Sun Cluster 2.2 System Administration Guide

6.1.1 PNM Fault Monitoring and Failover

PNM monitors the state of the public network and the network adapters associated with each node in the cluster, and reports dubious or errored states. When PNM detects lack of response from a primary adapter (the adapter currently carrying network traffic to and from the node) it fails over the network service to another working adapter in the adapter backup group for that node. PNM then performs some checks to determine whether the fault is with the adapter or the network.

If the adapter is faulty, PNM sends error messages to syslog(3), which are in turn detected by the Cluster Manager and displayed to the user through a GUI. After a failed adapter is fixed, it is automatically tested and reinstated in the backup group at the next cluster reconfiguration. If the entire adapter backup group is down, then the Sun Cluster framework invokes a failover of the node to retain availability. If an error occurs outside of PNM's control, such as the failure of a whole subnet, then a normal failover and cluster reconfiguration will occur.

PNM monitoring runs in two modes, cluster-aware and cluster-unaware. PNM runs in cluster-aware mode when the cluster is operational. It uses the Cluster Configuration Database (CCD) to monitor status of the network. For more information on the CCD, see the overview chapter in the Sun Cluster 2.2 Software Installation Guide. PNM uses the CCD to distinguish between public network failure and local adapter failure. See "C.3 Sun Cluster Fault Probes" for more information on logical host failover initiated by public network failure.
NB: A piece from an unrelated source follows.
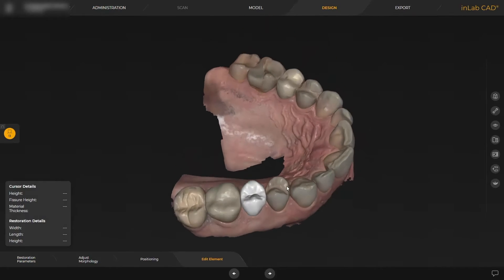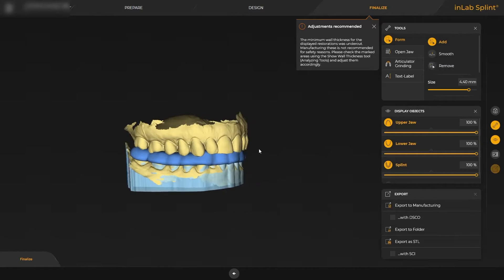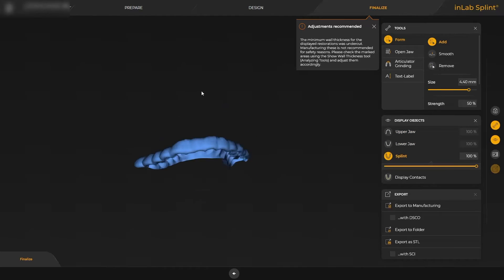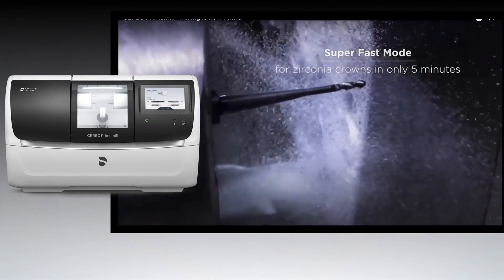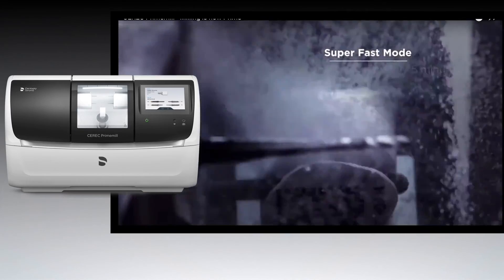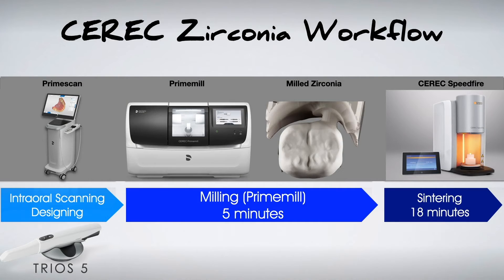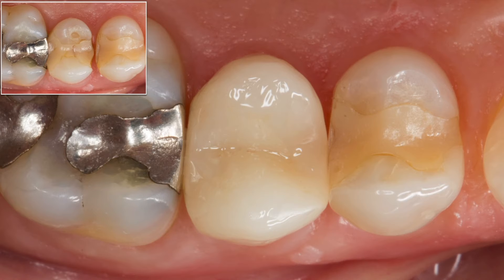We're going to design a crown to be milled with the CEREC prime mill. In this particular case, we also designed a lower splint, which is going to be set to print via the prime print. The new integration with 3Shape and DSCore allows all TRIOS scans to have seamless integration into the fastest chair-side milling unit on the market. Milling for a zirconia restoration takes roughly five minutes, usually less, and you can sinter it in the CEREC speedfire in about 18 minutes. Here's that zirconia crown on the bicuspid produced with the prime mill and sintered with the CEREC speedfire.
PNM runs in cluster-unaware mode when the cluster is not operational. In this mode, PNM is unable to use the CCD and therefore cannot distinguish between adapter and network failure. In cluster-unaware mode, PNM simply detects a problem with the local network connection.

You can check the status of the public network and adapters with the PNM monitoring command, pnmstat(1M). See the man page for details.